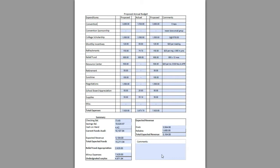This one's interesting because it takes into consideration what was proposed and budgeted for in the previous year, what was actually spent in the previous year, and what you're proposing moving forward.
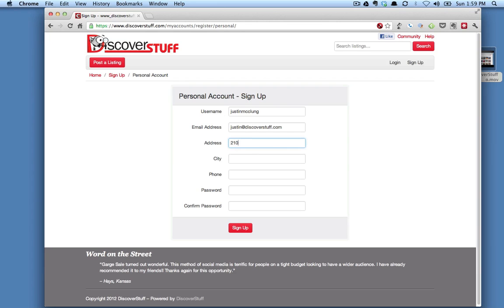You need to put in your address. And don't worry, each time you post a listing, you'll have the option of hiding your address and your phone number so users do not see it. Again, a privacy concern issue.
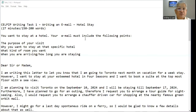I wrote this letter and survey yesterday with one of my students. The letter is about a hotel stay. You want to stay at a hotel. Your email must include the following points: the purpose of your visit, why you want to stay at that specific hotel, what kind of room you want, and when you are arriving or how long you are staying.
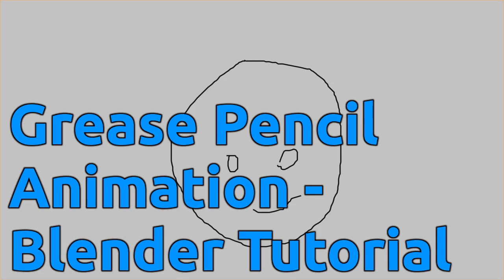Hello everyone, welcome to this Blender tutorial. Today I want to talk about using the Grease Pencil to do some traditional style 2D animation by drawing frame by frame.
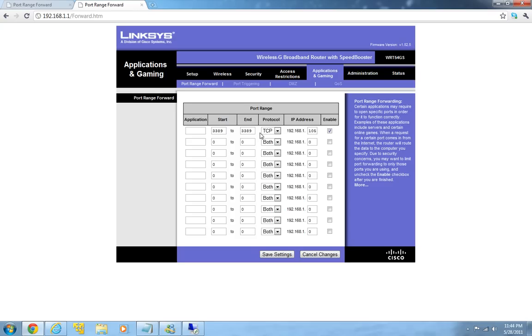So we can go there and type any name for application. And we will be forwarding port 3389. It's only one port that we are going to forward, so on both starting and ending port we can type 3389.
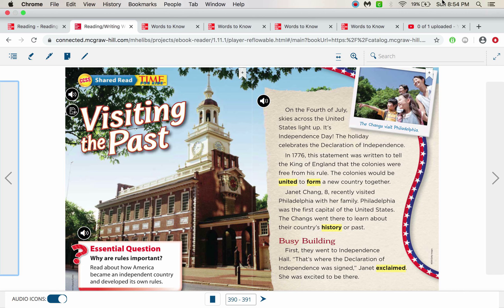Hi there, second grade. This is our small reading story. We do have an exit ticket today and I wanted to talk to you about that because the genre is not where it usually is. This is a shared read. It's from A Time for Kids,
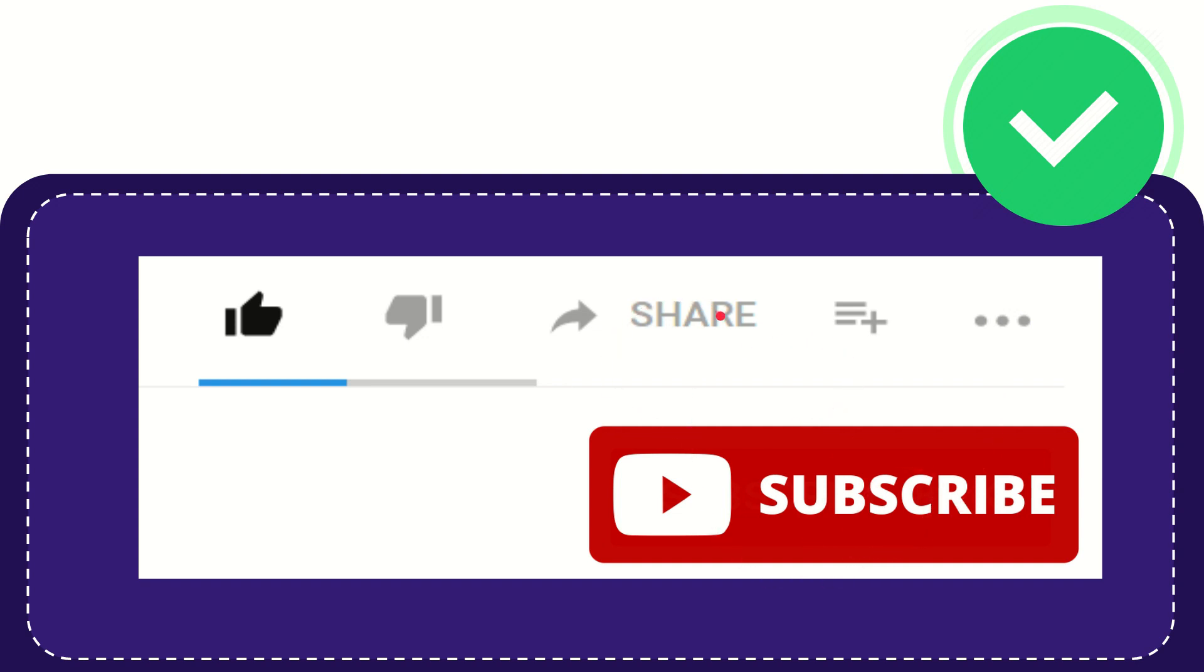I think that's all of it. Thank you so much for watching this video and see you again in another video. Bye bye, see you again.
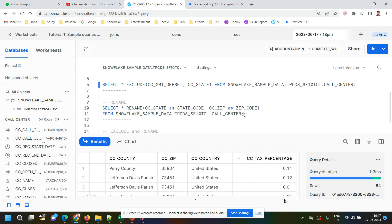The next feature is RENAME. Suppose I have another scenario: I have 100 columns in a table, I want to select 99 columns as-is, but I want to rename just one column or give an alias to only one column. In general, we would have to type all 99 column names and put an alias for the last one, which is also difficult work.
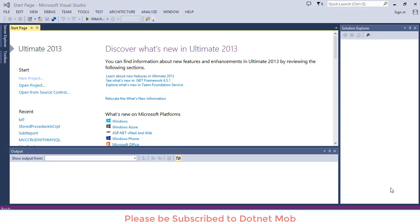Hi friends, welcome to dotnet mob. This is my fifth video in the series of Crystal Report beginners tutorial. In this video I will show you how to display multiple tables in Crystal Report using an example. We have to create a product report with two tables: the first table is for top five costly products, and we will display zero stock products in the second table. Let's get started. This is my Visual Studio 2013.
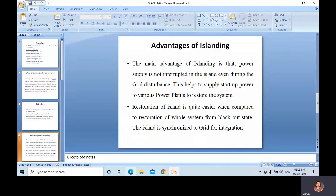This island is synchronized to the grid for integration. The grid is an interconnected system of generators and transmission lines; all connected generators run in synchronism. If a major disturbance occurs, transmission lines may trip, which may create a cascaded effect that may eventually lead to collapse of the entire grid — and hence a blackout.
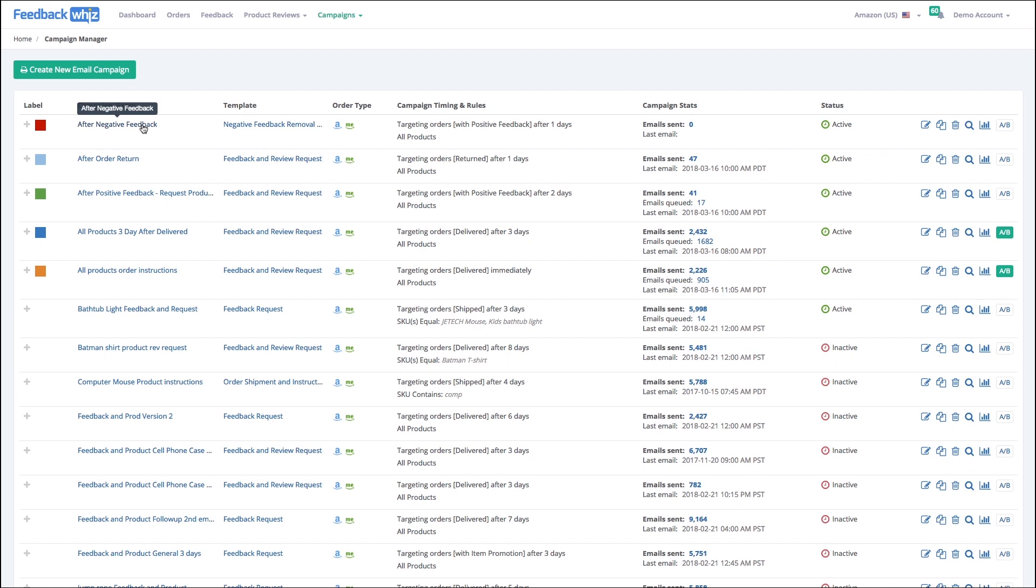Then a third email maybe seven to ten days later as a final follow-up and as a subtle way of saying, hey, if you could leave a review and feedback it would really help us, and it helps like-minded customers find products like ours. So that's all the stuff you can accomplish within the Campaign Manager.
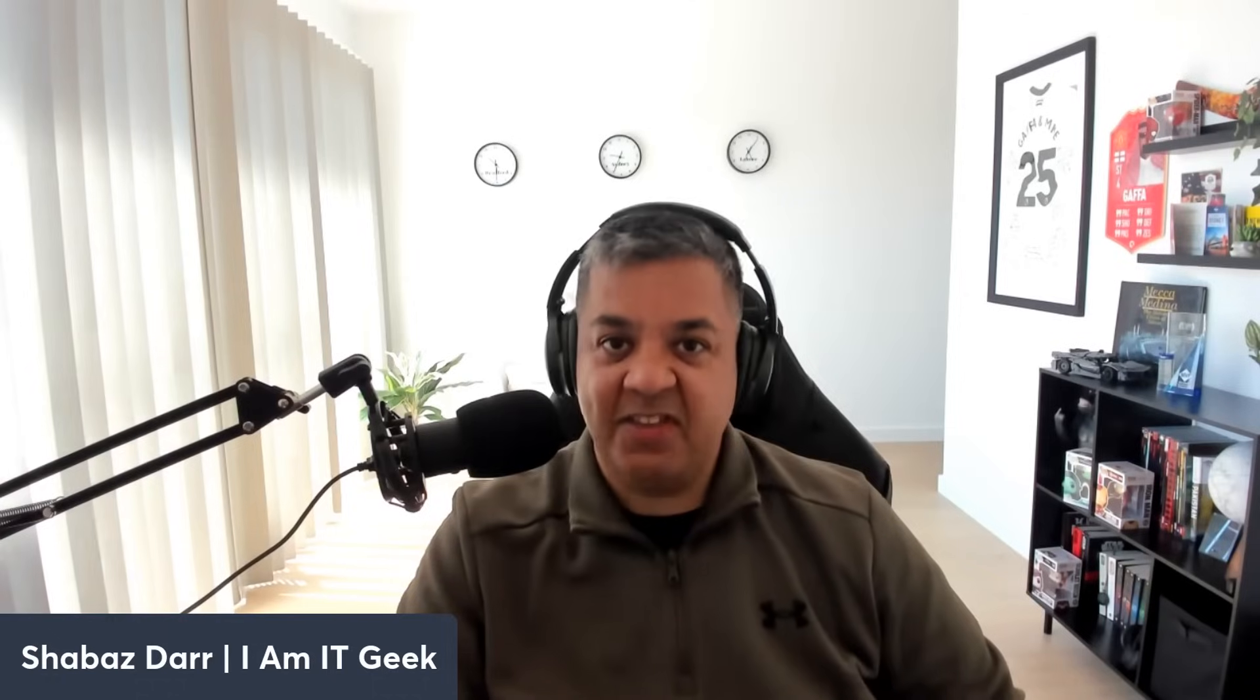Hello everybody, welcome to the I Am IT YouTube channel. My name is Shabaz Dar, I am the IT geek. Welcome back to another episode of my Nerdio Wednesday thing that I do every Wednesday. I just do a video around Nerdio.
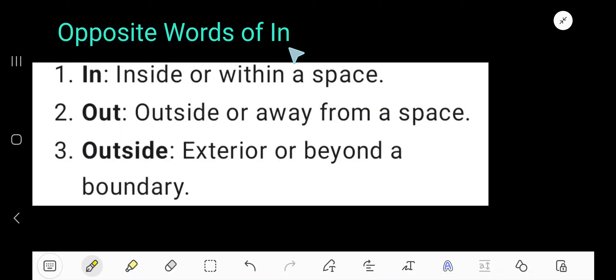The opposite word of 'in', or antonym of 'in', is 'out' or 'outside'. Let me give you the meaning of these three words: in, out, and outside.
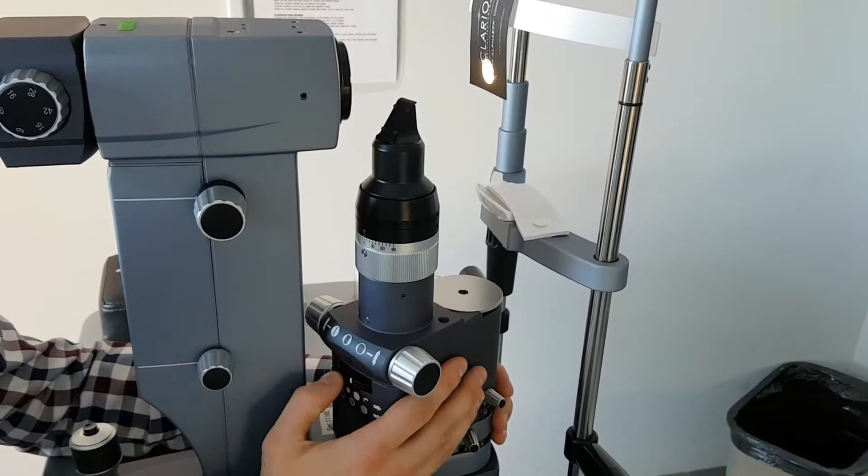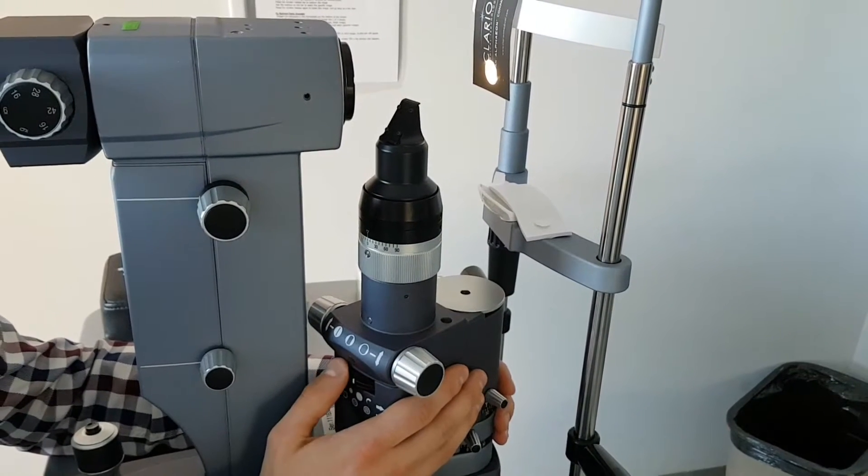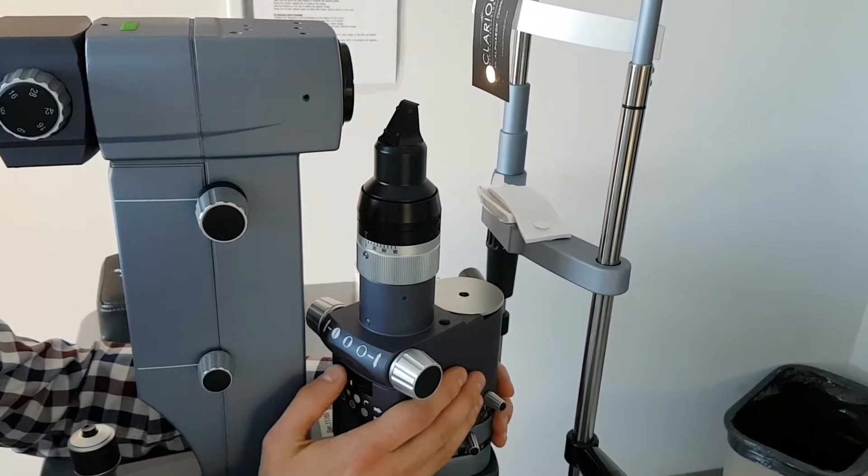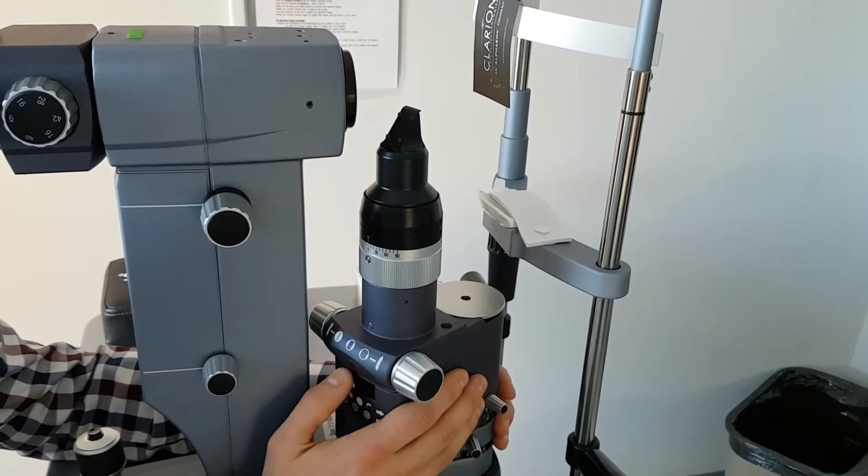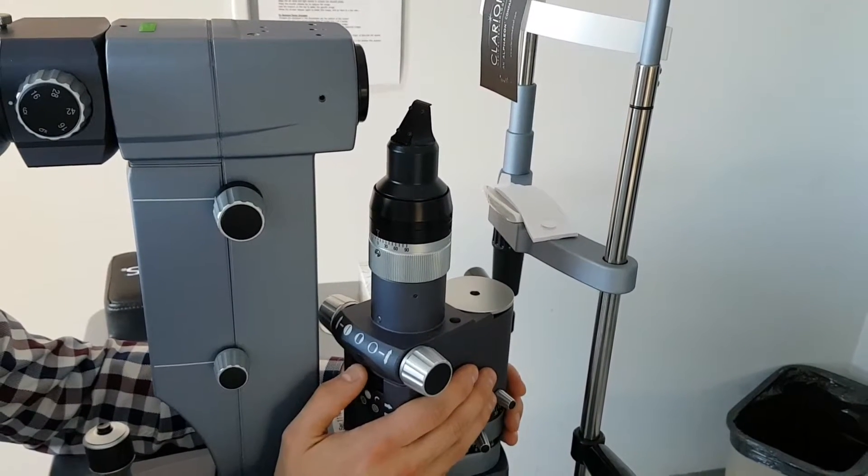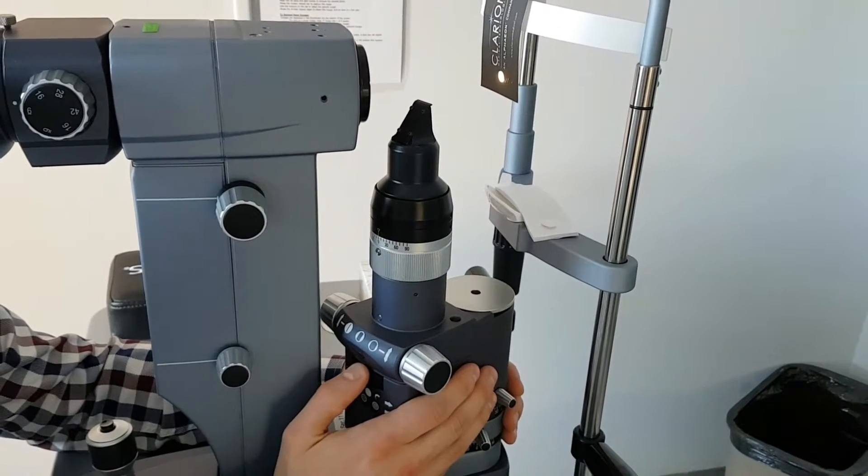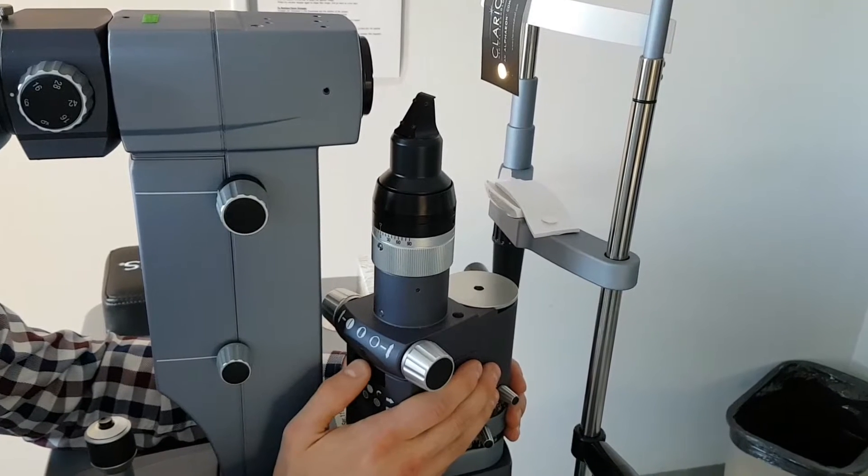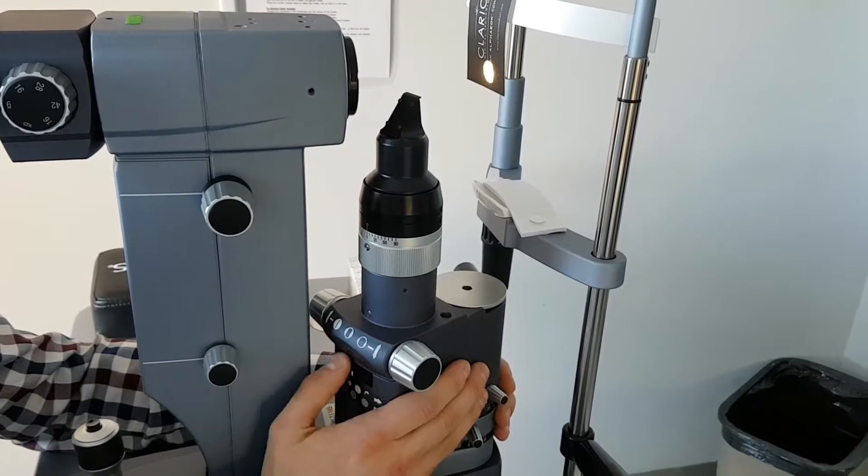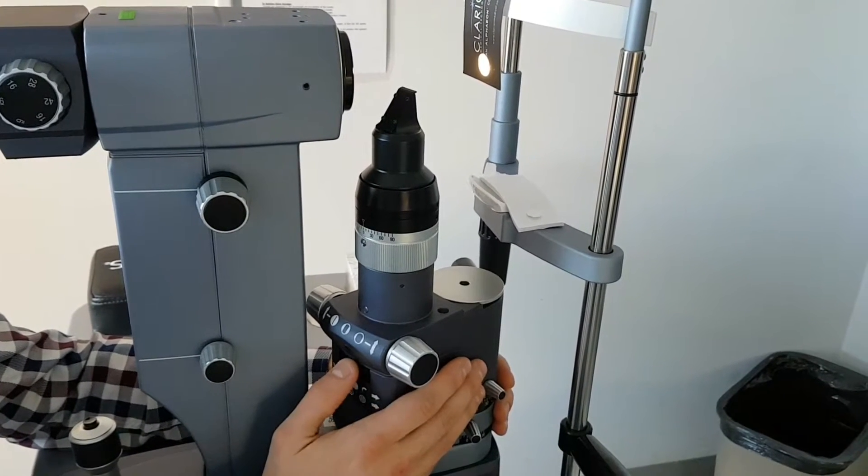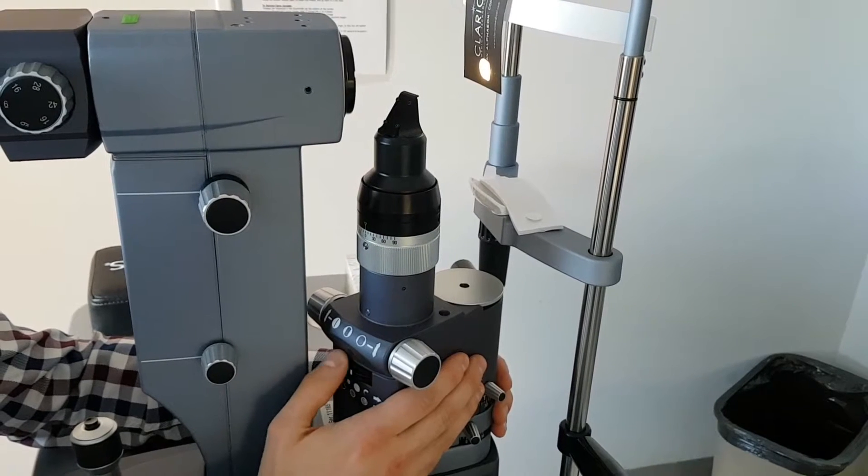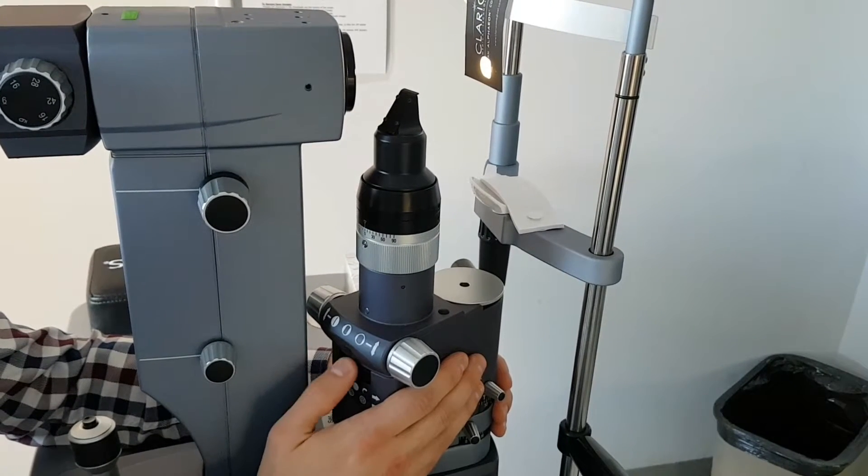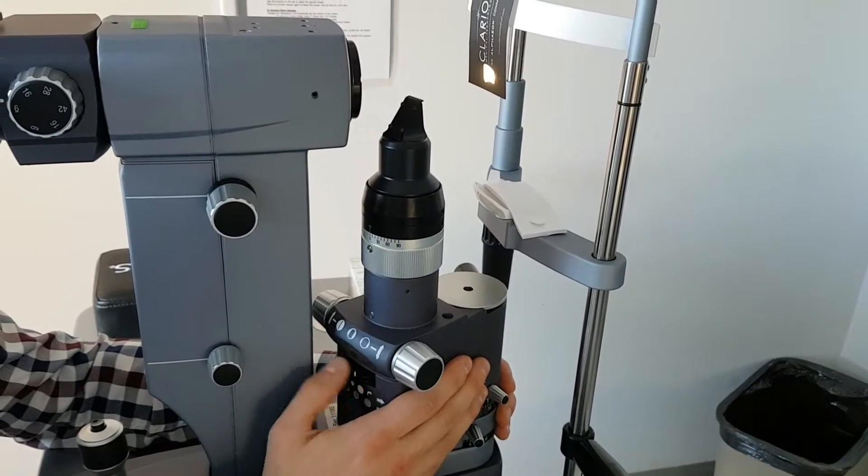The upper wheel is the slit height. It's just different size of circle openings. Typically we use the bigger one. There's a progressive opening, this one here.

——

PROBLEM DESCRIPTION:
Looking above, find the stretch of lines that opens with the one holding "So we can go" and closes with the one holding "This island is". Copy it exactly, pictures excluded.

ANSWER SPACE:
So we can go there and type any name for application. And we will be forwarding port 3389. It's only one port that we are going to forward, so on both starting and ending port we can type 3389.
Hi there, second grade. This is our small reading story. We do have an exit ticket today and I wanted to talk to you about that because the genre is not where it usually is. This is a shared read. It's from A Time for Kids,
I think that's all of it. Thank you so much for watching this video and see you again in another video. Bye bye, see you again.
The next feature is RENAME. Suppose I have another scenario: I have 100 columns in a table, I want to select 99 columns as-is, but I want to rename just one column or give an alias to only one column. In general, we would have to type all 99 column names and put an alias for the last one, which is also difficult work.
Hi friends, welcome to dotnet mob. This is my fifth video in the series of Crystal Report beginners tutorial. In this video I will show you how to display multiple tables in Crystal Report using an example. We have to create a product report with two tables: the first table is for top five costly products, and we will display zero stock products in the second table. Let's get started. This is my Visual Studio 2013.
This island is synchronized to the grid for integration. The grid is an interconnected system of generators and transmission lines; all connected generators run in synchronism. If a major disturbance occurs, transmission lines may trip, which may create a cascaded effect that may eventually lead to collapse of the entire grid — and hence a blackout.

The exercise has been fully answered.